Co-star Lucy Hale, who previously worked with Wadlow on “Truth or Dare,” plays Melanie Cole. She says she was on the edge of her seat while reading the script, and suggests she was excited to work with Wadlow again.
“Jeff is amazing. I say in every interview that he’s the hardest-working man in Hollywood,” she says. “Not only does he direct, but he produces. He also wrote ‘Truth or Dare’ and ‘Fantasy Island.’”
On the subject, Wadlow says, “I like to approach each day like it’s a professional sporting event—like we’re out there to win and make the most interesting choices and get the most compelling footage possible, and Lucy is a superstar athlete.”
Aside from Hale, the movie covers three other characters.
Gwen Olsen, played by Maggie Q, has a fantasy that exudes regret, according to Wadlow.
“Gwen has a lot of questions about paths not taken,” he explains.
But perhaps the shallowest of the fantasies is that of JD (played by Ryan Hansen), who has brought his adopted brother, Brax (Jimmy O. Yang), to the island to share his wish “to have it all.” But having it all might not be what he originally thought.
And finally, Austin Stowell plays Patrick Sullivan, a cop who daydreams of meeting his father, who died in combat. But that wish goes deeper than he had intended.
Hale drew from her experiences playing roles in ABC Family’s “Pretty Little Liars” as well as “Truth or Dare” to help channel the character of Cole in Wadlow’s new film. She says playing Aria Montgomery in “Pretty Little Liars” helped her perfect her horror face. In looking to Olivia Barron, her character from “Truth or Dare,” however, she says she had to take a different approach in extracting elements.
“Olivia is the girl next door. She’s the ‘type-A,’ ‘always-wants-to-do-the-right-thing’ kind of girl,” Hale says. “On the flip is Melanie, who I play in ‘Fantasy Island.’ And in her head, she is the Olivia.”

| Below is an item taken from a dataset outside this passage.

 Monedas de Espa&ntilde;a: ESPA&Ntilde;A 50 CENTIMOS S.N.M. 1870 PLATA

The most difficult challenge for Hale in playing Cole was getting into the mindset of the character, because their morals and the way they live their lives are very different, she says. According to Hale, Cole is a very complex, layered, damaged and tormented character unlike any she has played before.
“Obviously as Lucy, I read the script and I look at these things and I think, ‘This girl is insane. She’s crazy,’” she says. “With Olivia, it was a lot easier because she was a lot like me.”

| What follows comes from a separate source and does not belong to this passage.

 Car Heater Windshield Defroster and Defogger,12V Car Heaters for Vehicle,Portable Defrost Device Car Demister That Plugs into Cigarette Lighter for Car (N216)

Both Hale and Wadlow have a love for horror that drew them into this new collaboration.
“My character has a great line in the movie that says, ‘That’s why we ride roller coasters and watch horror movies. Because we like to feel something,’” Hale recalls. “What went on behind the making of ‘Fantasy Island’ is absolutely insane.”
The experience of creating and releasing tension is what draws Wadlow to the genre.
“Making a Blumhouse movie is a continuous process of being challenged. There is never a moment when you’re not being challenged in some capacity,” he says.
But for Wadlow, the film isn’t simple horror, as he sees a message in it all.
“Don’t live your life in regret,” he says. “You have to move forward. You can’t be consumed by the past because it will consume you.”
Blumhouse’s “Fantasy Island” is set for a theatrical release this Friday, February 14.